I have the following example
import pandas as pd
names = ['a', 'b', 'c', 'd', 'e']
points = [10, 15, 15, 12, 20]
scores = pd.DataFrame({'name': names,
'points': points})
I want to create a new column called position
that specifies the relative position of a player. The player with the most points is #1.
I sort the df
using
scores = scores.sort_values(by='points', ascending=False)

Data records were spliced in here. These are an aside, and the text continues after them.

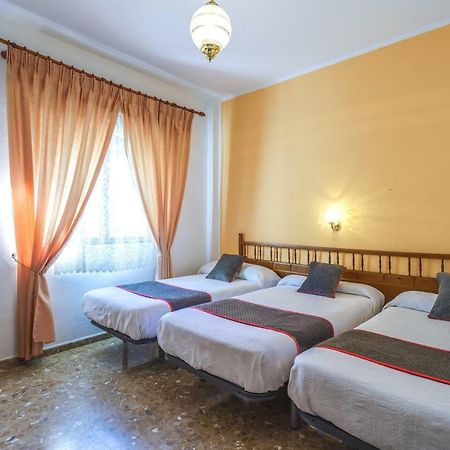 Hotel Restaurante Moya Монестерио Екстериор снимка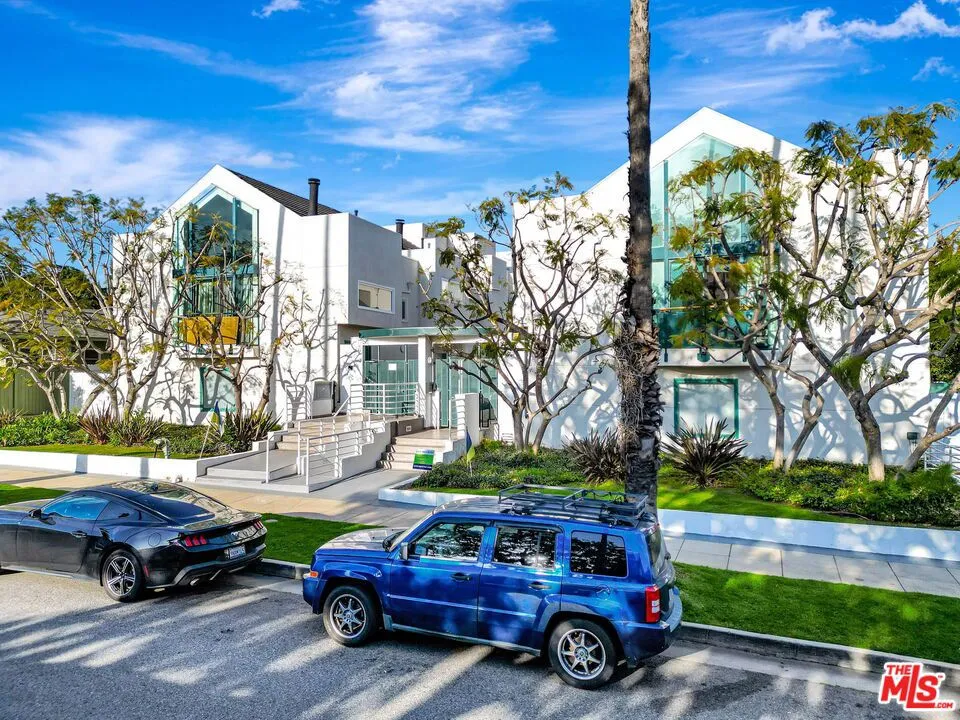 807 21st Street #3 Santa Monica, CA 90403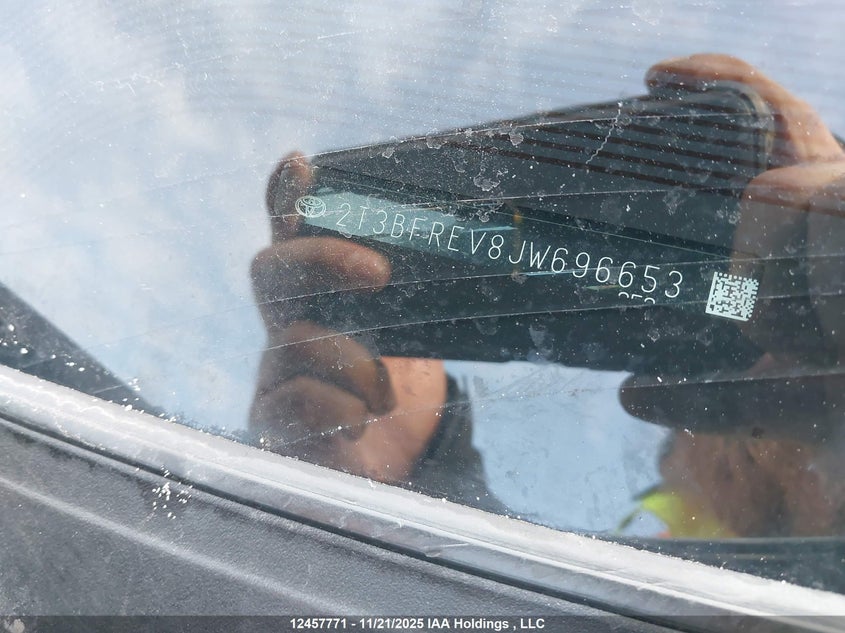 2018 Toyota Rav4 Le VIN: 2T3BFREV8JW696653 Lot: 12457771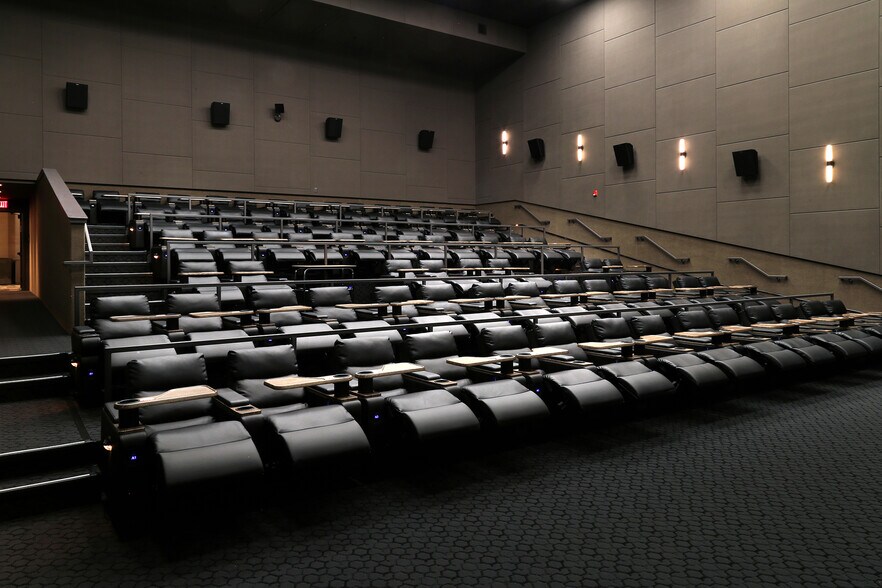 More Photos Of 401 W Dundee Rd, Wheeling Movie Theatre For Sale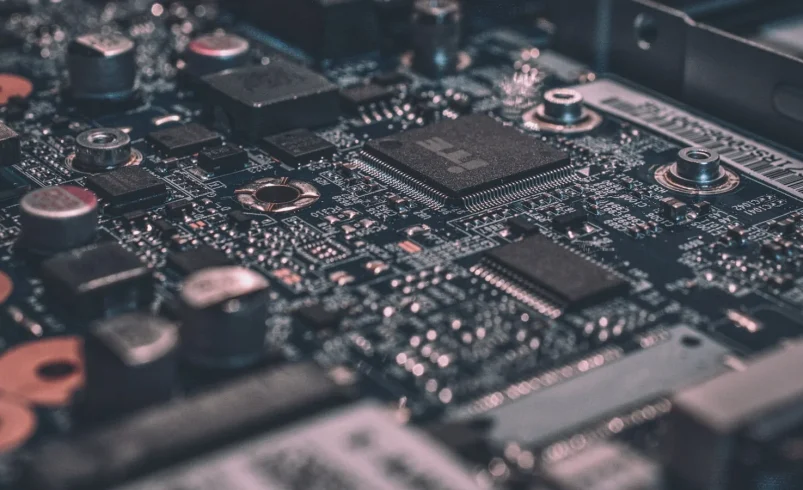 Broadcom stock forecast: $630 bull case, $300 bear case for…
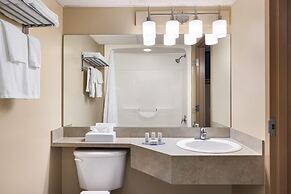 Super 8 by Wyndham Swan River MB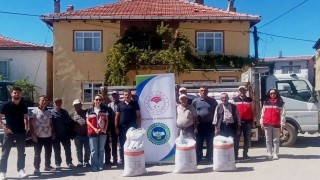 Hisarcık Karbasan köyünde organik adaçayı üreticilerine gübre desteği
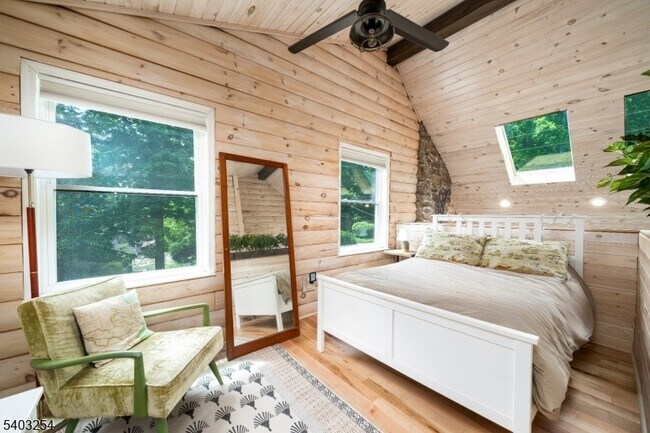 Building Photo - 30 Onteora Rd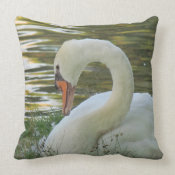 Sitting Swan throwpillow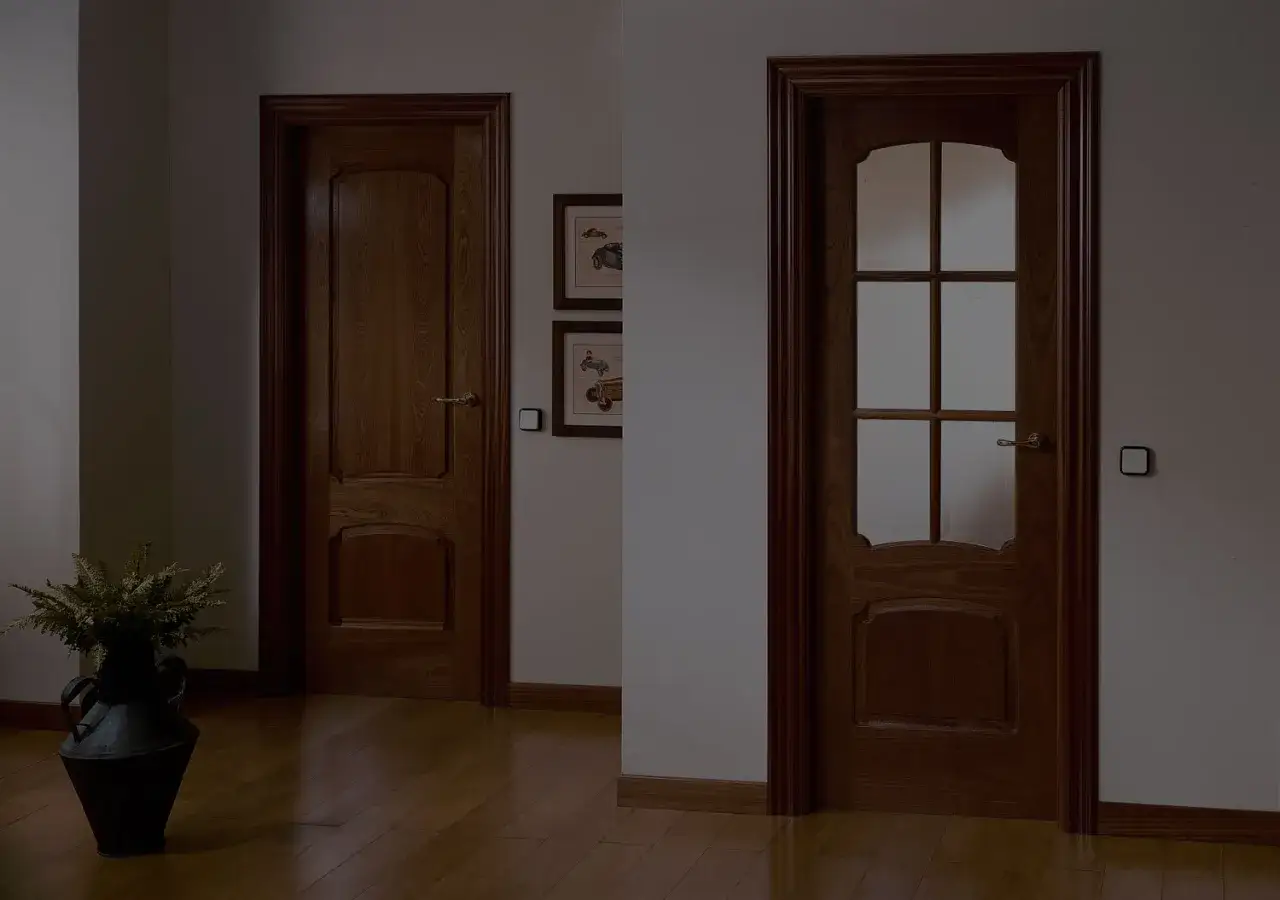 Dos tipos de puertas de madera: una sólida y otra con cristal emplomado.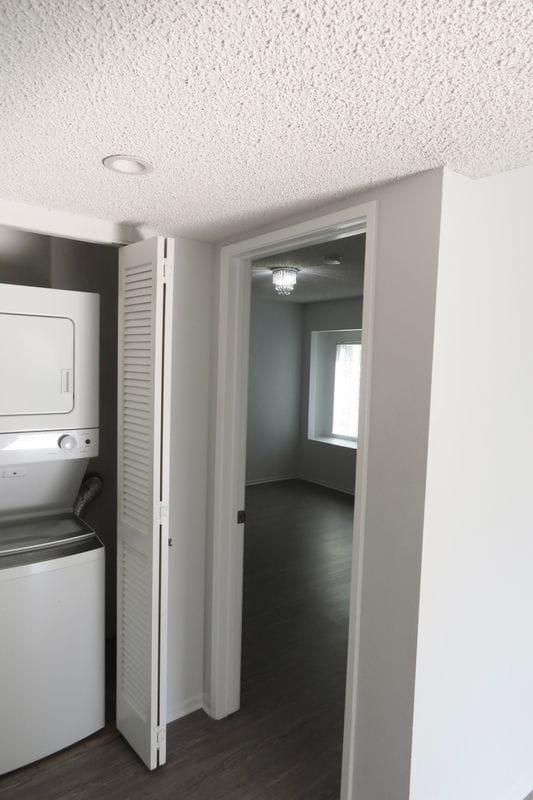 Building Photo - 1103 W Angeleno Ave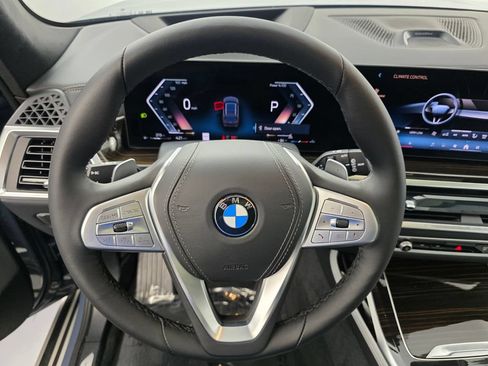 Used 2027 BMW X7 xDrive40i w/ Executive Package AWD/4WD image 20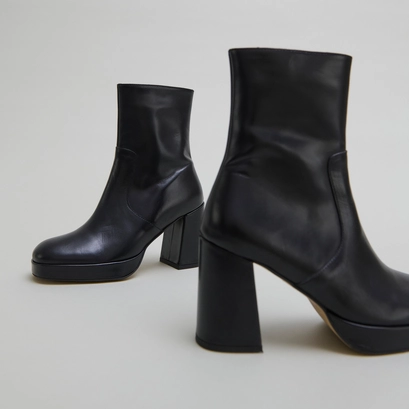 Heeled ankle boots with square toes in black leather | vesna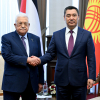 ФОТО - Президент Садыр Жапаров встретился с главой Палестины Махмудом Аббасом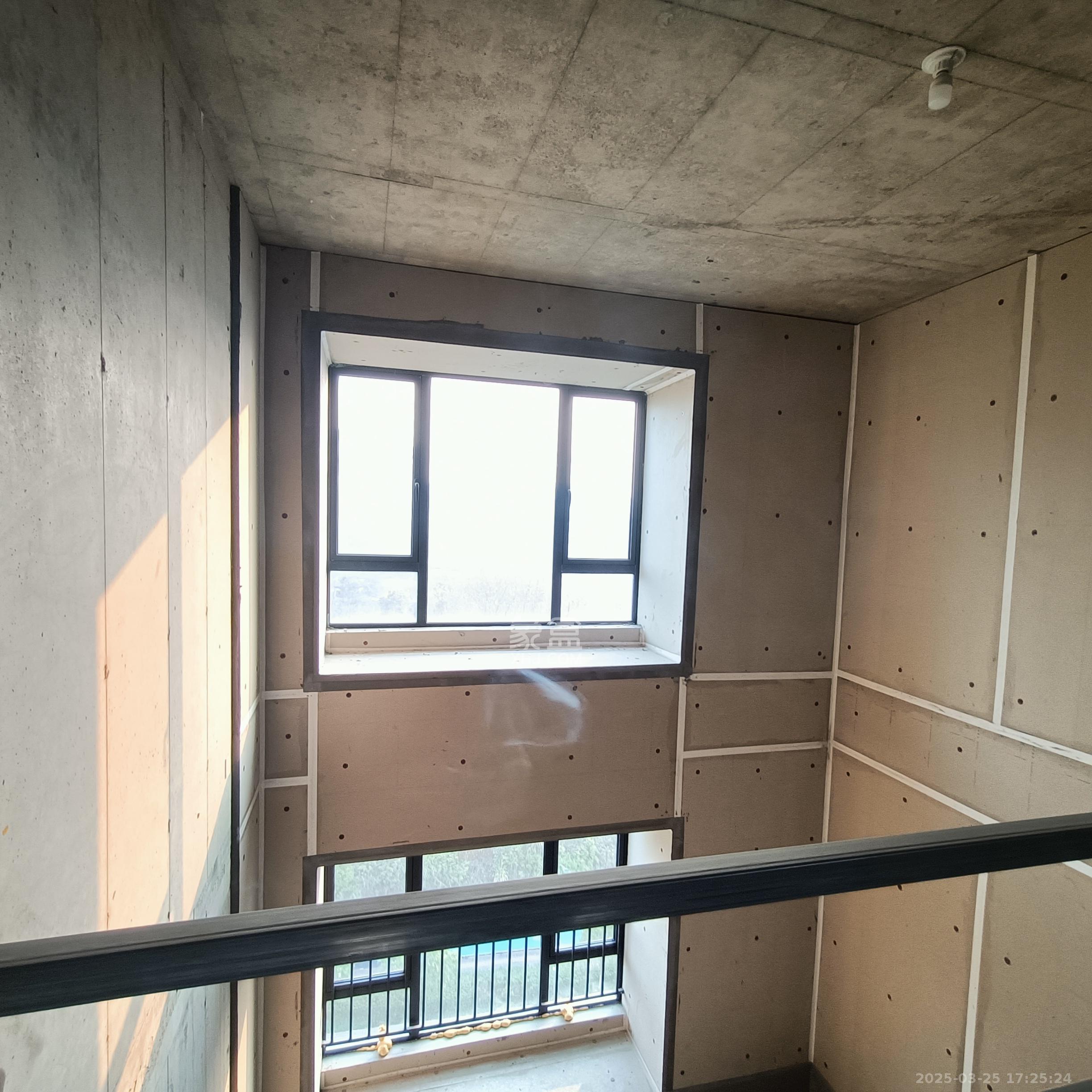 和顺府  5室2厅2卫   1300.00元/月室内图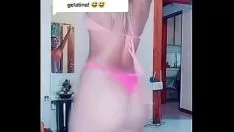 Oynat Eski iç çamaşırı ve eşek dilimi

If there is a tie (same number of points) I want position
to be the T
and the corresponding position.
In my example the position of b
and c
is T2
.
Desired output:
name points position
e 20 1
b 15 T2
c 15 T2
d 12 3
a 10 4
Thank you
CodePudding user response:
I would use pandas.Series.rank
:
# is there a tie ?
m = scores["points"].duplicated(keep=False)
# calculate rankings
s = scores["points"].rank(method="dense", ascending=False)
scores["position"] = (
s.where(~m, s.astype(str).radd("T"))
.astype(str)
.replace(".0$", "", regex=True)
)
out = scores.sort_values(by="points", ascending=False)
# Output :
print(out)
name points position
4 e 20 1
1 b 15 T2
2 c 15 T2
3 d 12 3
0 a 10 4